### THE TASK
Each entry below must be written out exactly, with pictures left out.

DATA PROVIDED Block Start

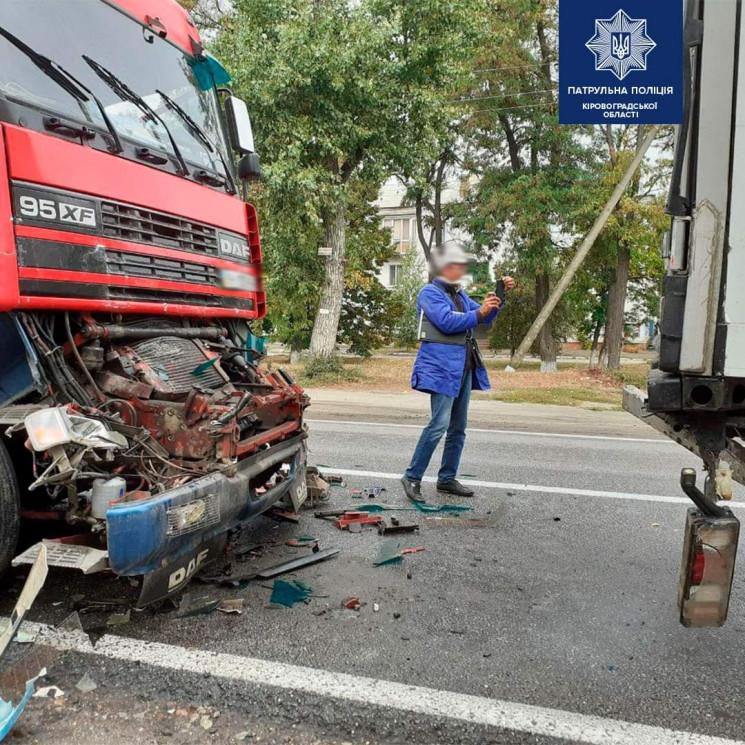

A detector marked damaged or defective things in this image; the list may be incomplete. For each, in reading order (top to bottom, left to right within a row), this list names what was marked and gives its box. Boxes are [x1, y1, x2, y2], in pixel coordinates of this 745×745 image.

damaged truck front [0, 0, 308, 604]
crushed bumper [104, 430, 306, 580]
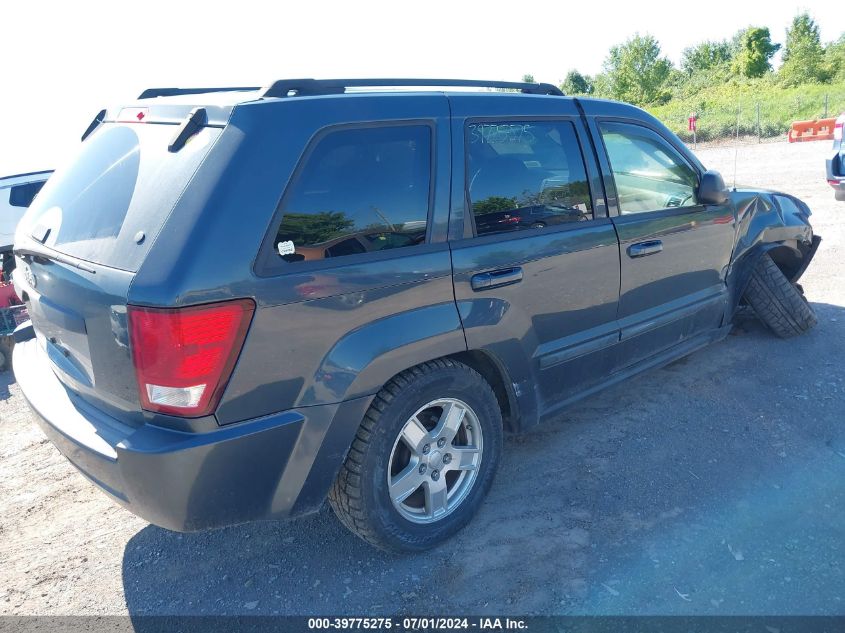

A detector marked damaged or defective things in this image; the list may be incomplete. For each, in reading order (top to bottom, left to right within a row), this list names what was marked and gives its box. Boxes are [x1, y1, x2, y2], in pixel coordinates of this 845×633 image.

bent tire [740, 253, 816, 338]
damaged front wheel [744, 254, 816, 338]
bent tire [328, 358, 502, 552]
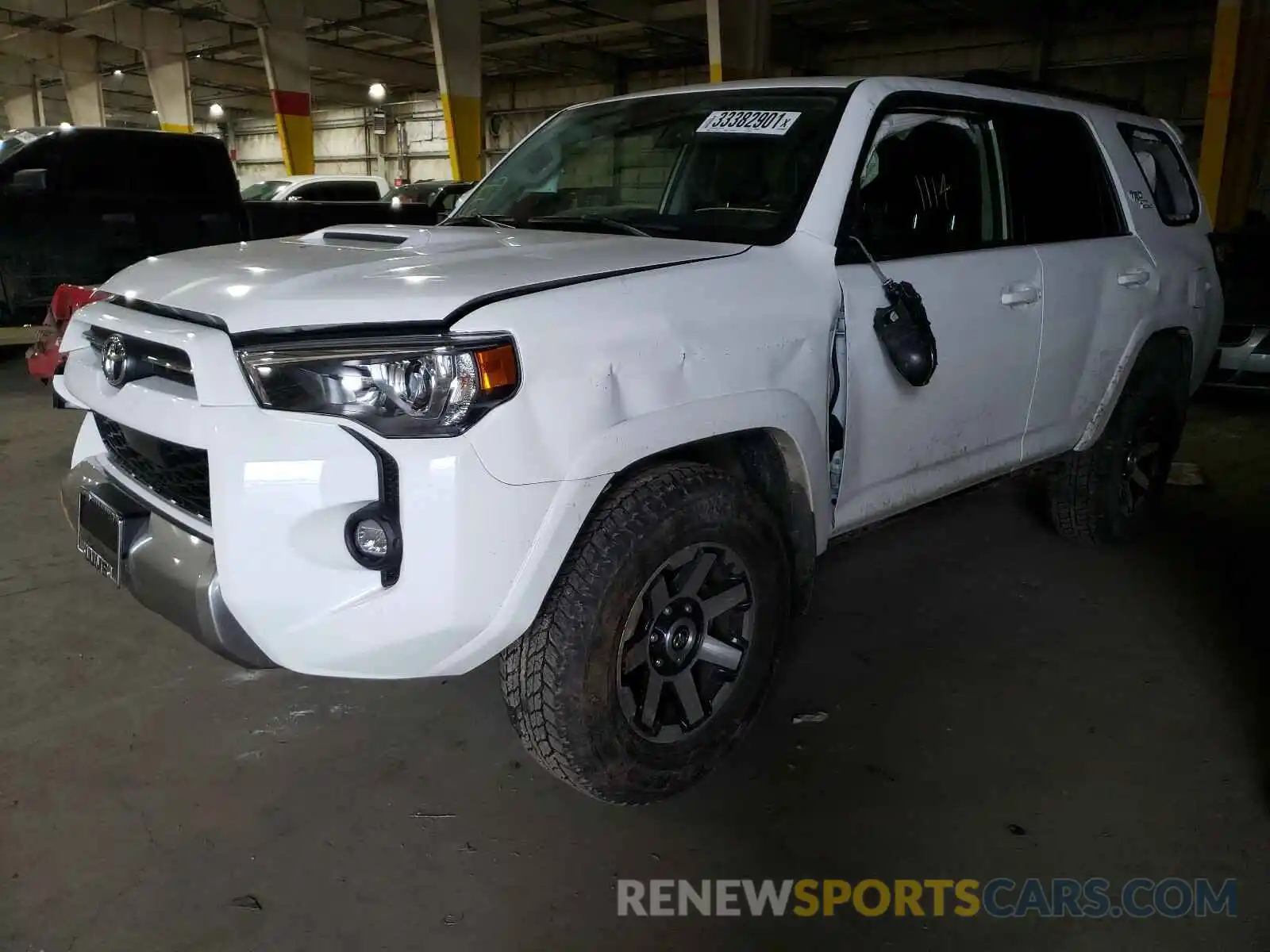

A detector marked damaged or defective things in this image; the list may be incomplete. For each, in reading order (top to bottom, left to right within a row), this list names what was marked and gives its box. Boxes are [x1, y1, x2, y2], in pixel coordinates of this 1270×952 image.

DATA PROVIDED Block End

### WRITTEN ANSWER
A detector marked damaged or defective things in this image; the list may be incomplete. For each, in reading order (top to bottom, left to right within a row), this list names what was marked and gives its box. Boxes are [x1, y1, x2, y2], in pixel coordinates of this 745×745 image.

damaged truck front [0, 0, 308, 604]
crushed bumper [104, 430, 306, 580]

A detector marked damaged or defective things in this image; the list may be incomplete. For each, in reading order (top to bottom, left to right within a row), this list names what was marked and gives its box. Boxes are [x1, y1, x2, y2], in pixel coordinates of this 845×633 image.

bent tire [740, 253, 816, 338]
damaged front wheel [744, 254, 816, 338]
bent tire [328, 358, 502, 552]

A detector marked damaged or defective things in this image; the list may be incomplete. For each, in reading order (top to bottom, left to right within a row), this list names what was marked and gives its box. Boxes are [x1, y1, x2, y2], in pixel coordinates of this 1270×952 image.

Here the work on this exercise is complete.